The United States turned into a net natural gas exporter for a day after the first liquefied natural gas export from Cheniere Energy Inc's Sabine Pass terminal in Louisiana left for Brazil on Wednesday.
The United States however is not expected to become a net exporter of gas on an annual basis until 2017 after more pipelines to Mexico and LNG export terminals enter service, according to federal energy estimates.
The United States was last a net exporter of gas on an annual basis in 1957.
On Wednesday, the United States imported a net 4.8 billion cubic feet of gas per day from Canada and 0.2 bcfd from various LNG import terminals for a total of about 5 bcfd in imports.

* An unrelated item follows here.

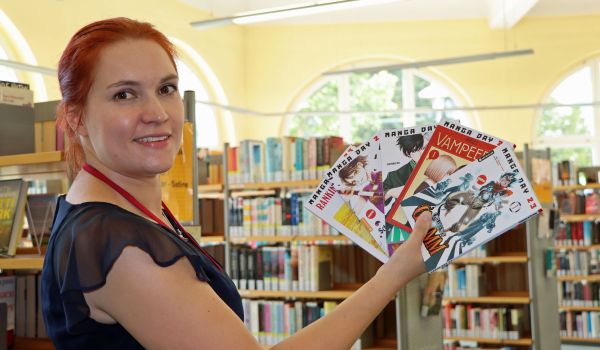 Eine Frau hält verschiedene Mangas in der Hand.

Exports however surpassed 6 bcfd on Wednesday, with about 3.3 bcfd going to Mexico and some 3 bcfd going to Brazil on the Asia Vision LNG tanker from Sabine Pass.
Since no LNG ships left Sabine Pass on Thursday, the United States returned to being a net importer that day.

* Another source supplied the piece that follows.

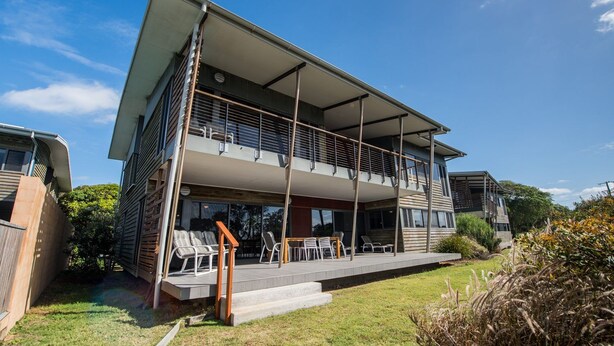 Een modern huis met twee verdiepingen, een balkon, een overdekt terras en een verzorgd gazon.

Just over a decade ago, the United States was expected to become a major importer of LNG. Firms that were spending billions to build facilities to import gas from overseas are now spending billions to build LNG export terminals.
The switch was sparked by the shale gas revolution, which unlocked cheap, abundant U.S. supplies especially in the Marcellus and Utica formations in Pennsylvania, West Virginia and Ohio.

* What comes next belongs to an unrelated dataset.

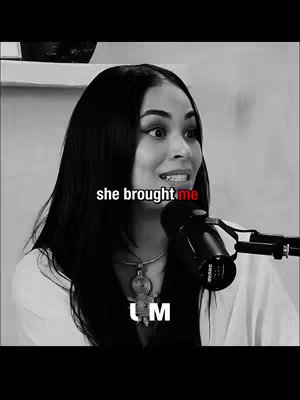 A black and white image of a woman with long black hair, looking astounded while holding a microphone. Text is overlaid on the image, highlighting a specific moment.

To deal with the rapid increase in Northeast U.S. shale gas, pipeline companies reversed the flow of some pipelines built to move gas from Texas and the Gulf Coast to major population centers in the Northeast.
Those pipelines now move Northeast gas south to fuel industrial facilities and LNG export terminals being build along the Gulf Coast.
At the same time, U.S. utilities in the Midwest and Northeast with easy access to cheap Marcellus and Utica gas are buying less from Texas and from Canada, leaving producers in Texas with more fuel to sell to Mexico to feed that country's growing power demand.
There are 5 LNG export terminals under construction in the United States expected to enter service by 2020, including ones by Cheniere at Corpus Christie in Texas, Dominion Resources Inc at Cove Point in Maryland, Sempra Energy at Cameron in Louisiana, and Freeport in Texas.
If all of the liquefaction trains under construction at those terminals enter service as planned by 2020, the United States will be able to export about 9 bcfd, about 11 percent of forecast total U.S. gas production at that time.